Now it came time to figure out the technology to use for my blog. I put on my BA (Business Analyst) hat and figure out what I wanted exactly. So I had to figure out my requirements and choose the most suitable technology to meet them.
So my main need was the blog is easy to backup. This was a direct response to having a fairly outdated backup of my previous blog when I deleted it. Although this requirement seems straight forward, it also must be able to make sure I don’t have to constantly worry about my backups.
Another requirement that I had was that I wanted something that I could quickly and easy write posts. I don’t want to be spending too much time messing around with HTML. I just want to be able to quickly write a post and publish.
As with many software engineers I also wanted something that has an *awesome* factor to it. This means that I can make changes to it but generally it has high standing in the community.
Finally I wanted something that is quite low maintenance. I work fulltime and have other responsibilities, I don’t want to make a second job fixing up my blog, rebooting the server, etc. Just keep it simple and low touch.
So to summarize these requirements in agile stories:
- As a blogger I want a blogging framework which is easy to back so that I don’t have to think about backing up
- As a writer I want a blogging framework which is quick and easy to use so that I can easily write blog posts
- As a software engineer I want a blogging framework which has an tech *awesome* factor so that I can show off
- As a blogger I want a blogging framework which is low maintenance so that I don’t have to spend too much time making sure it is working
So I quickly ruled WordPress out of the equation due to the experiences I had previously and it not meeting my current requirements. I even had a look at an up and coming WordPress competitor Ghost but despite its features I turned away from it. The idea of writing my own blogging platform was definitely out of the question. But I did want to do my own hosting, so LinkedIn Posts and Medium was out of the picture. So as I looked, I settled on Jekyll.

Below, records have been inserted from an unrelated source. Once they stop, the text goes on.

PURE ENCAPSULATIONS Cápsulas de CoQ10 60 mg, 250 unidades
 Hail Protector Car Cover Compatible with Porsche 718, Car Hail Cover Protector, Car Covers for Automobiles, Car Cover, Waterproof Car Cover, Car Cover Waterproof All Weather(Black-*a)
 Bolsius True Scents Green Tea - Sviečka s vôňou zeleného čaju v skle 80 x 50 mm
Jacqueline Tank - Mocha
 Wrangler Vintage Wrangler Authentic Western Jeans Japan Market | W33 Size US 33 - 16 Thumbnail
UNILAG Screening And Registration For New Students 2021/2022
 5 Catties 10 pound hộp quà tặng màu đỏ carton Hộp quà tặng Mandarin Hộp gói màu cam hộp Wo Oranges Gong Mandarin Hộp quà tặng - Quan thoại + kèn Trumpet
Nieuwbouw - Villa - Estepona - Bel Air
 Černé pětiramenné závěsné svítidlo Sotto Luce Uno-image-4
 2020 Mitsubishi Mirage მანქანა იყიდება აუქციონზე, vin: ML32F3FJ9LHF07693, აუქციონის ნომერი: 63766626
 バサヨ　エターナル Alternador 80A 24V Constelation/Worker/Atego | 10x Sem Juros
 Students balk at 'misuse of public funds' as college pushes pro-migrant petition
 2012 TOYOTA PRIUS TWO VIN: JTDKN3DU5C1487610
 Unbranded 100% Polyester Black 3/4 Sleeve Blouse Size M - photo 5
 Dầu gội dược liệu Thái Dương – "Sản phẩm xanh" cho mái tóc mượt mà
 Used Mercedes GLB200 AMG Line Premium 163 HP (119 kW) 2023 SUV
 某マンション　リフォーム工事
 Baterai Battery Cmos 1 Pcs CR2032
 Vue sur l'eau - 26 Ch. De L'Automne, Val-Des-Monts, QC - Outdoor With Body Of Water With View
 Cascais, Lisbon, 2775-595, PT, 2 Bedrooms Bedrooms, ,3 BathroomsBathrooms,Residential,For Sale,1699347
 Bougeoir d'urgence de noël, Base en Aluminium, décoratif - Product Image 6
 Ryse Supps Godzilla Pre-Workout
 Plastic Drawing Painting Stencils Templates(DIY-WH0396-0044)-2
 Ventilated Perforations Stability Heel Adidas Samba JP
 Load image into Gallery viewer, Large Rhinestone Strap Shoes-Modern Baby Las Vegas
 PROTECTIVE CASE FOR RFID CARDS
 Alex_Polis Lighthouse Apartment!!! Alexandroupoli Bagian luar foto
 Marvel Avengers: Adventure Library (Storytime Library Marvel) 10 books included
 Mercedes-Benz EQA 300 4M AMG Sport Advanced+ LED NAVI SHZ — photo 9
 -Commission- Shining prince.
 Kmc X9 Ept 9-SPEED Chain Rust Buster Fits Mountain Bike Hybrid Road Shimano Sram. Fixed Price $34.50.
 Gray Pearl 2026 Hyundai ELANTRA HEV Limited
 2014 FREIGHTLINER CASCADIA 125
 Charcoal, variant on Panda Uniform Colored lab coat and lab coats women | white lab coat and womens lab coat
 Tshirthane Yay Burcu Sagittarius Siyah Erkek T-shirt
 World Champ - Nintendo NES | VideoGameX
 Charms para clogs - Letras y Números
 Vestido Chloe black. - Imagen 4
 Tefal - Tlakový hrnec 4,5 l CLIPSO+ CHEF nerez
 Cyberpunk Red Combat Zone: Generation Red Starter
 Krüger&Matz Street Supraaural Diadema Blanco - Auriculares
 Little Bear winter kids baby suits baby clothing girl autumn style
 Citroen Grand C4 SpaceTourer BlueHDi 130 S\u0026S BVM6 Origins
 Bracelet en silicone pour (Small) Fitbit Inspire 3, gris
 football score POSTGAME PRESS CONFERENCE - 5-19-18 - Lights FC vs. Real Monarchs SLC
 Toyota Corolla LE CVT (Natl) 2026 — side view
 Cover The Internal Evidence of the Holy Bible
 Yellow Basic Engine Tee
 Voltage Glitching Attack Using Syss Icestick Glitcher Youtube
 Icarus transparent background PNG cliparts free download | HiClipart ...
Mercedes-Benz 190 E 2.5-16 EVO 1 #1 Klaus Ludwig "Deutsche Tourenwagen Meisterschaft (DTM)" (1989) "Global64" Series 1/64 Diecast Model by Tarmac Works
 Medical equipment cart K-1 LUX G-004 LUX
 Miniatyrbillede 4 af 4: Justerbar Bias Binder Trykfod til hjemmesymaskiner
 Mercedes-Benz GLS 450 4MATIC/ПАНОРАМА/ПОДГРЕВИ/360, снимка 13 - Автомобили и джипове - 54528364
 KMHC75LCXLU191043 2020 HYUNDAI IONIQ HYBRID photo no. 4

So as I looked, I settled on Jekyll
Jekyll can be easily hosted on Github Pages, which met the easy to backup and low maintenance requirements. Unfortunently it did not quite meet the quick and easy to use requirement due to the use of Markdown. However coupled with a good Markdown editor like Mou, that problem can be mitigated. Lastly Jekyll definitely has a somewhat awesome tech factor.
I did also look at Octopress as a potential alternative to vanilla Jekyll however I decided to not use it. This was due to the lack of activity on the Github repository and the small community. In the future I might relook at using it, particularly for its plugins.
So there we have it, I opted to use Jekyll as the blogging platform for the reincarnation of my blog. Instead of directly looking at the shininess factor of the technology, I decided to take a structured approach in my selection.